Canadian ice hockey player (born 1989)

Sam William Gagner (born 10 August 1989) is a Canadian former professional ice hockey forward who played 17 seasons in the National Hockey League (NHL) for the Edmonton Oilers, Arizona Coyotes, Philadelphia Flyers, Columbus Blue Jackets, Vancouver Canucks, Detroit Red Wings, and Winnipeg Jets.

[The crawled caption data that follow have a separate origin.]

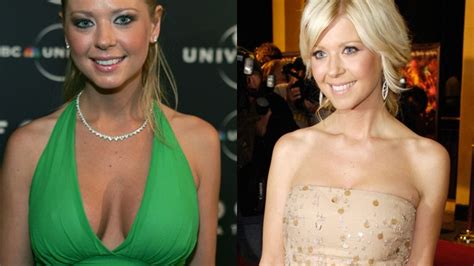 Stars Who Had Implants Removed Slideshow Fox News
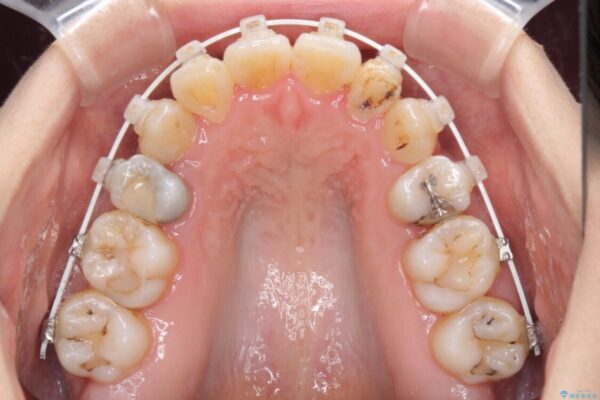 結婚式までに前歯をきれいにしたい　抜歯矯正とオールセラミッククラウン 治療途中画像
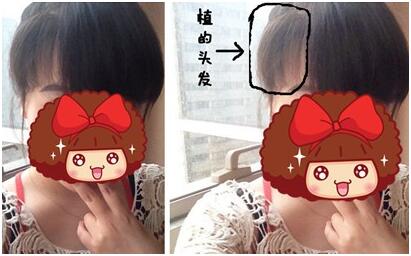 美女植发记,ZMHE2670单位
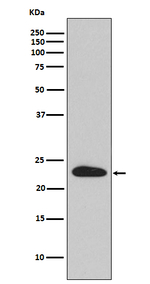 SNAP23 Recombinant Rabbit Monoclonal Antibody (K01_3P82)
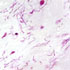 Clostridium septicum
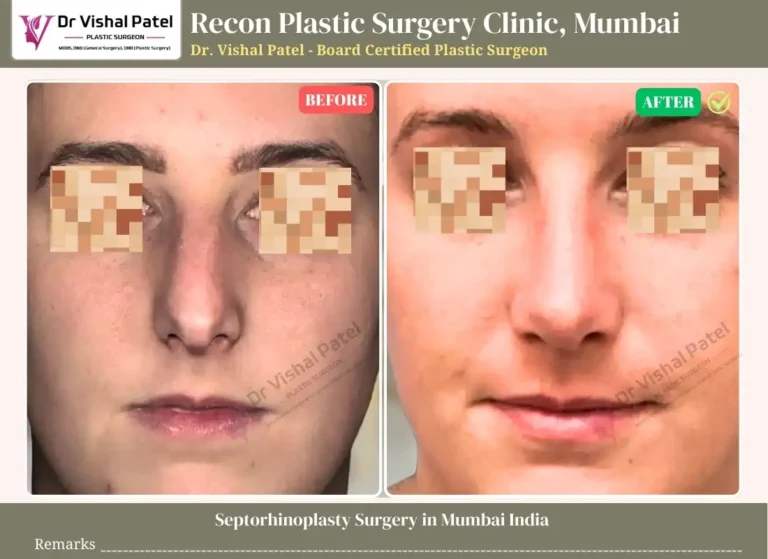 Septorhinoplasty Surgery in Mumbai India - By Dr. Vishal Patel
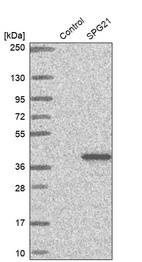 Western blot analysis in control (vector only transfected HEK293T lysate) and SPG21 over-expression lysate (Co-expressed with a C-terminal myc-DDK tag (~3.1 kDa) in mammalian HEK293T cells, LY413881).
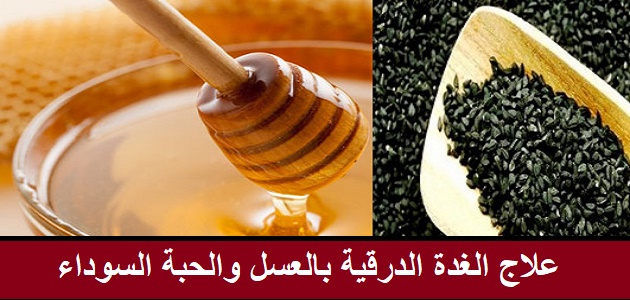11593 1 علاج الغدة الدرقية بالعسل والحبة السوداء - وصفة طبيعية للغدة الطاف منصور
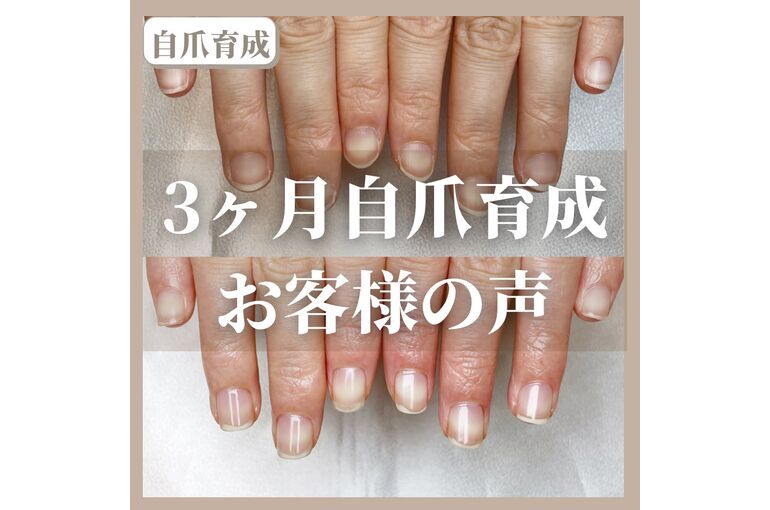 自爪育成写真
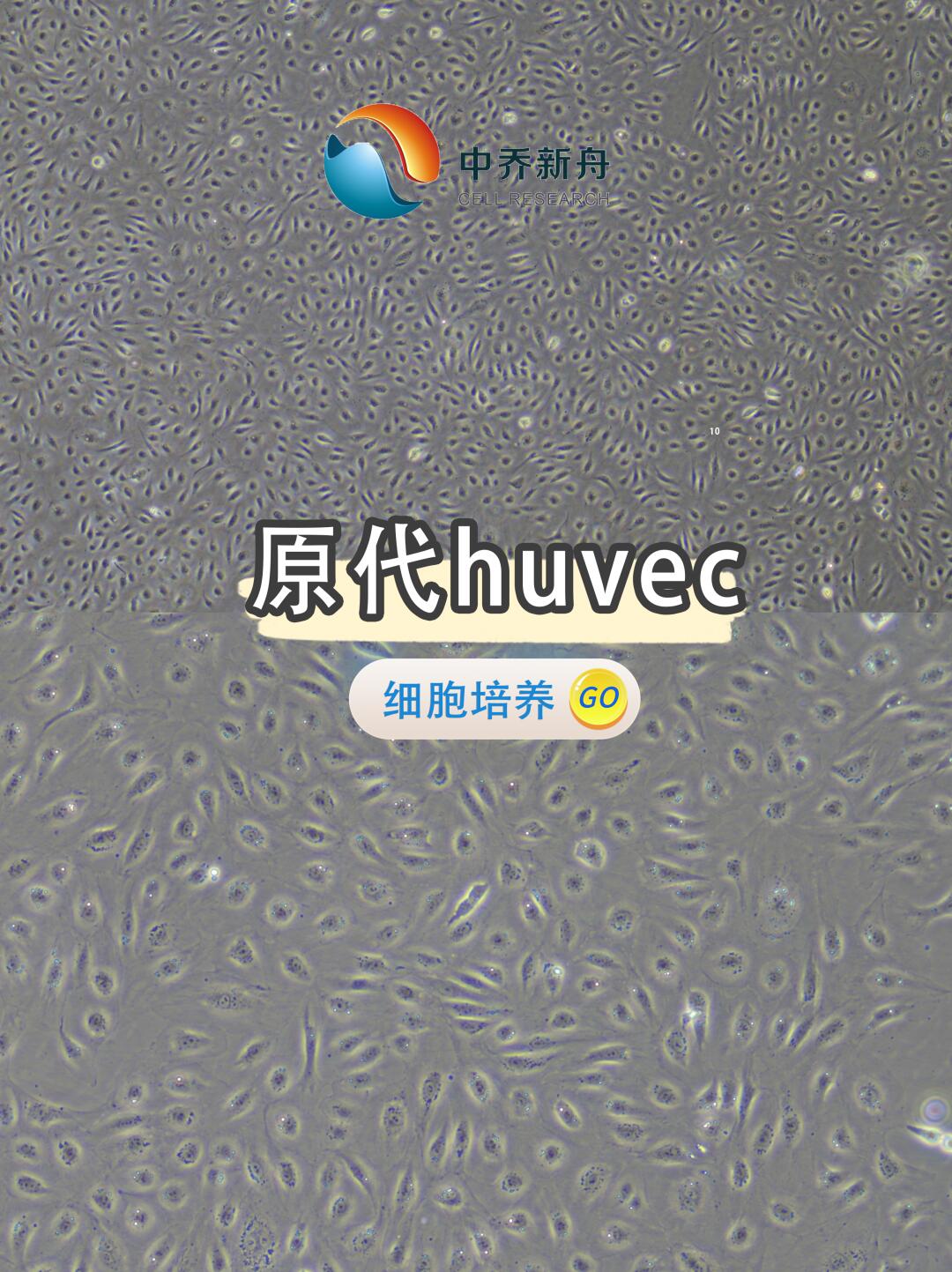 家人们！你们的原代Huvec状态咋样啊？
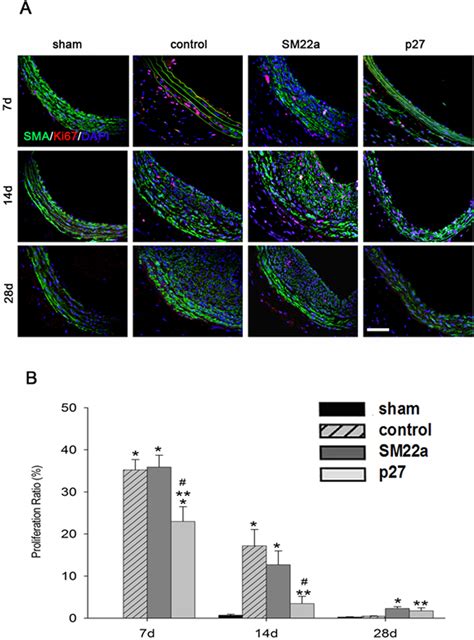 Inhibition Of Neointimal Hyperplasia With Lenti SM22alpha P27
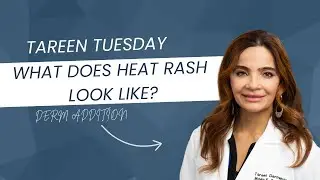 Горячая, зудящая и шершавая кожа? Возможно, это потница. ☀️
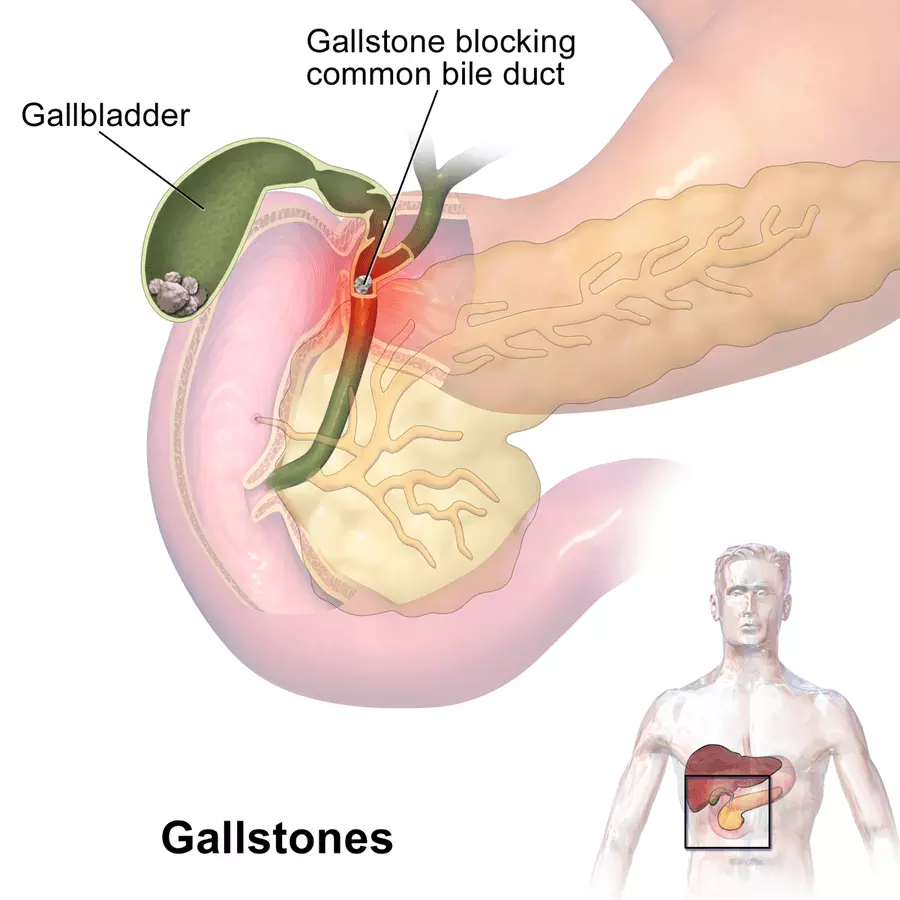 Gallstones Blocking the Common Bile Duct SimpleMed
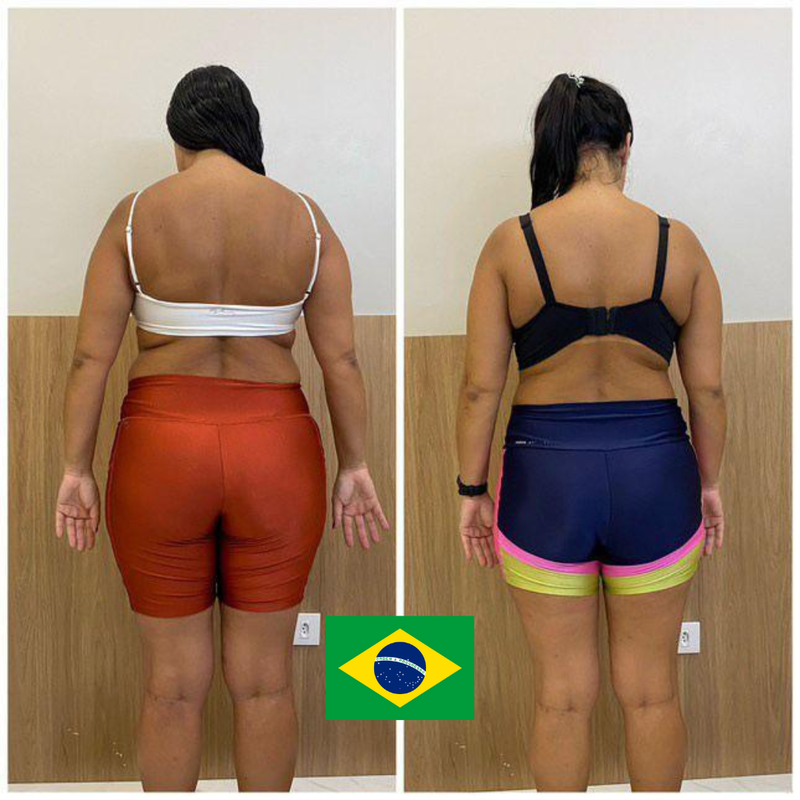 Antes e Depois - Depoimento 2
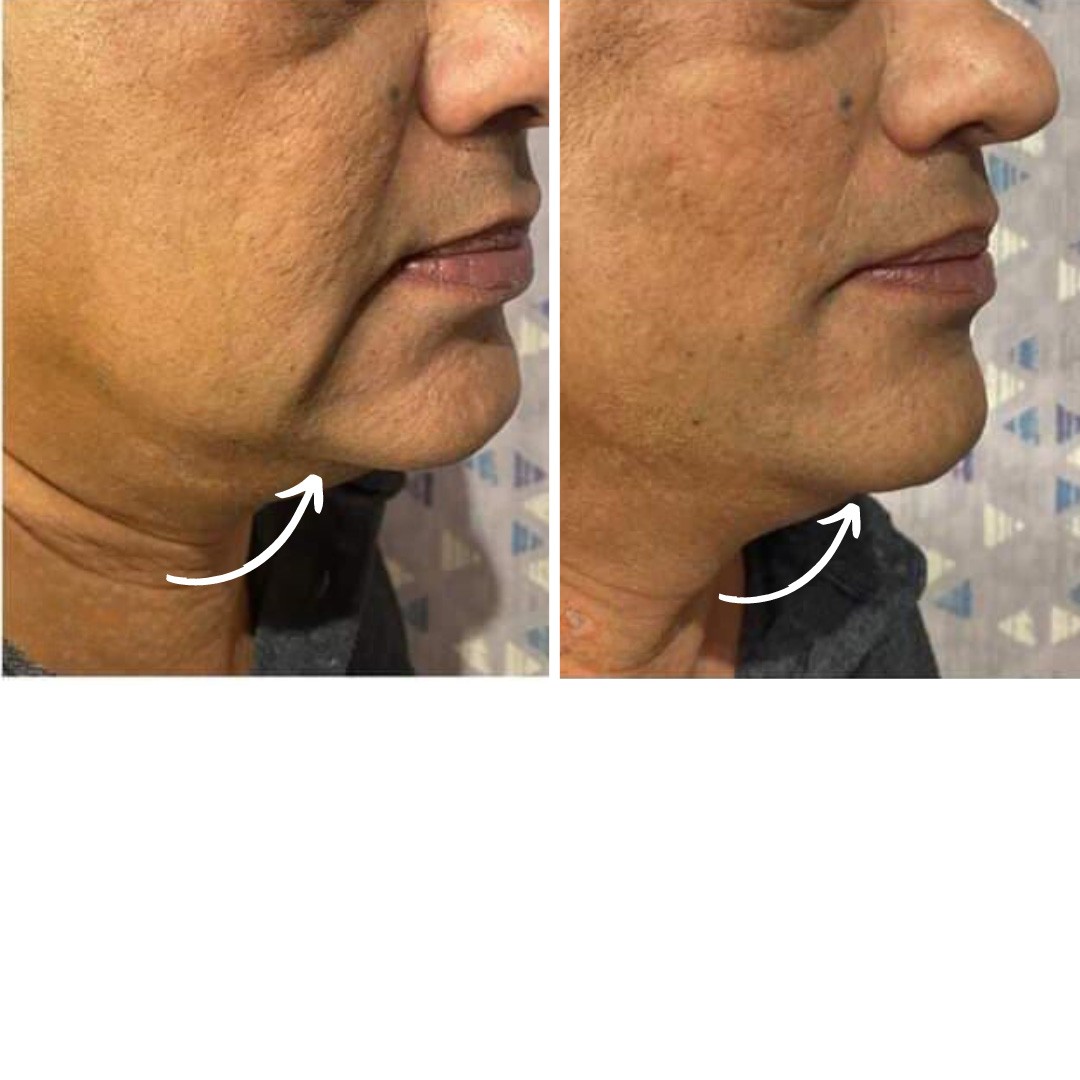 Before & After Photo Forma Treatment 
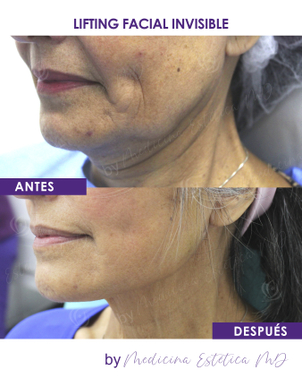 Antes y después de lifting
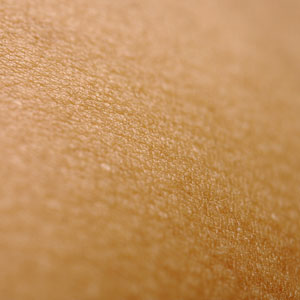 건선 초기 증상 - 단순 건조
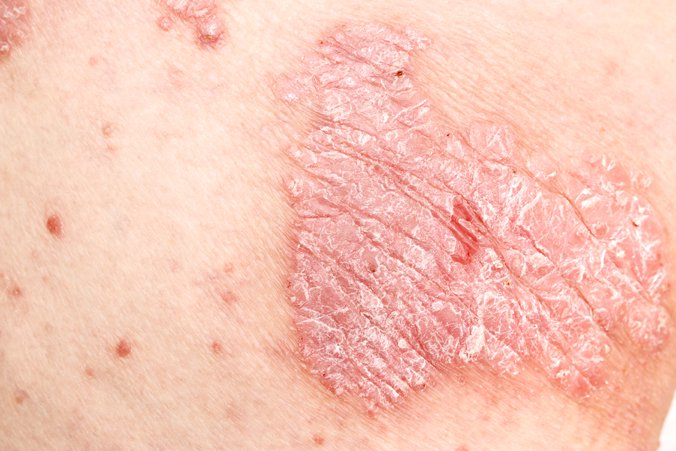 Detail Gambar Penyakit Psoriasis Nomer 35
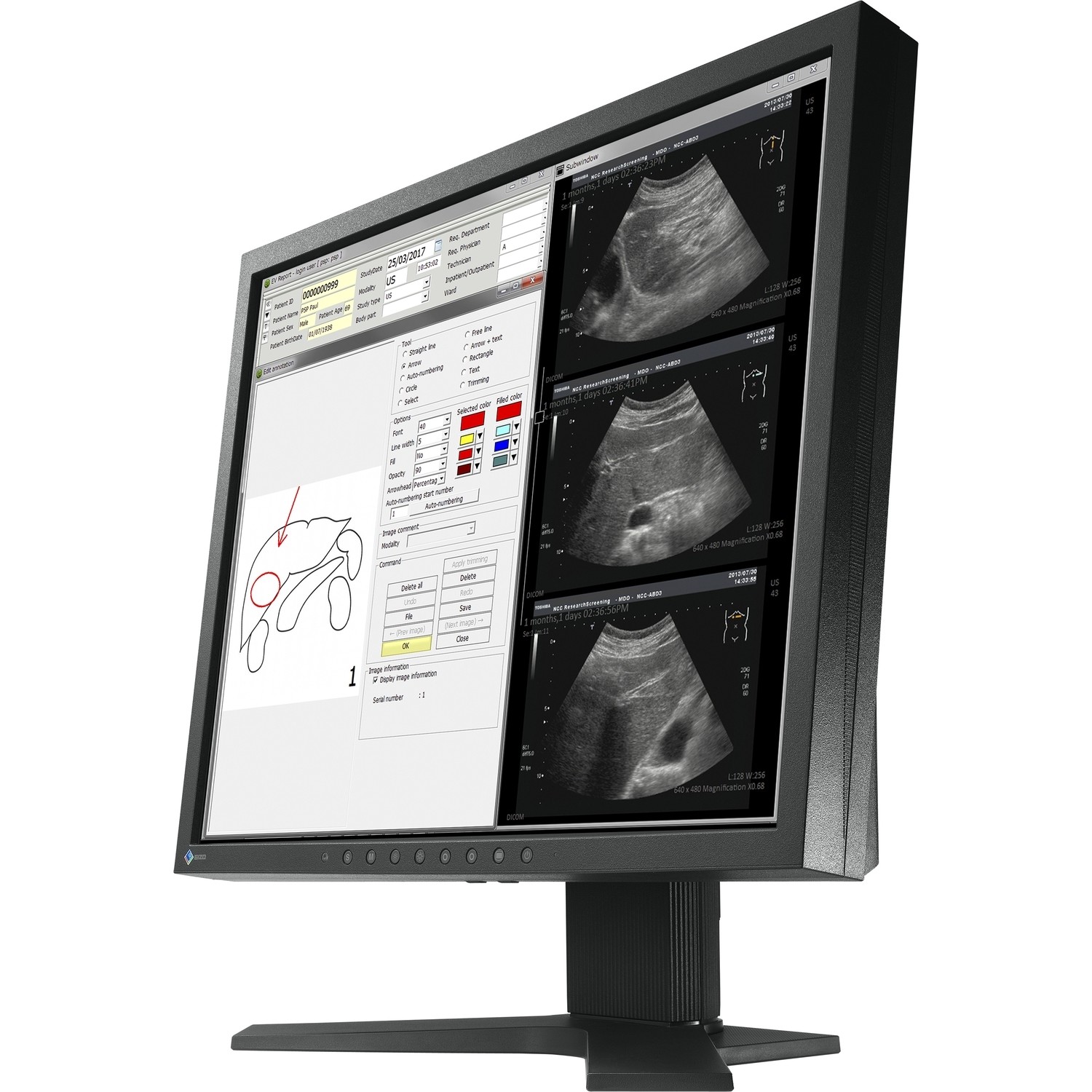 19" EIZO RadiForce MX194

Gagner was drafted by the Oilers in the first round, sixth overall, of the 2007 NHL entry draft, and played there for the first seven years of his NHL career. He also played one season each for the Coyotes, Flyers, Blue Jackets, and Canucks before returning to Edmonton in 2019; he was then traded to the Red Wings in 2020. After three years in Detroit followed by a season with the Jets, Gagner returned to Edmonton for a third tenure in 2023.

==Playing career==

===Amateur===
Gagner played midget hockey with the Toronto Marlboros of the Greater Toronto Hockey League (GTHL) in 2004–05. He scored 173 points and was awarded the Buck Houle Award, a Marlboros team award given for outstanding on-ice performance and leadership. The same season, he made his junior debut, playing 13 games for the Milton Icehawks of the OPJHL, scoring 15 points. His dad was the coach of his minor hockey career. In 2005–06, he joined the Sioux City Musketeers of the United States Hockey League (USHL) and scored 46 points in 56 games, second in team scoring. Along the way, Gagner played with future NHLer John Tavares on the Marlboros and later the Icehawks. As early as 2002, the pair also honed their skills and became friends on a backyard rink built by Sam's dad Dave in Oakville.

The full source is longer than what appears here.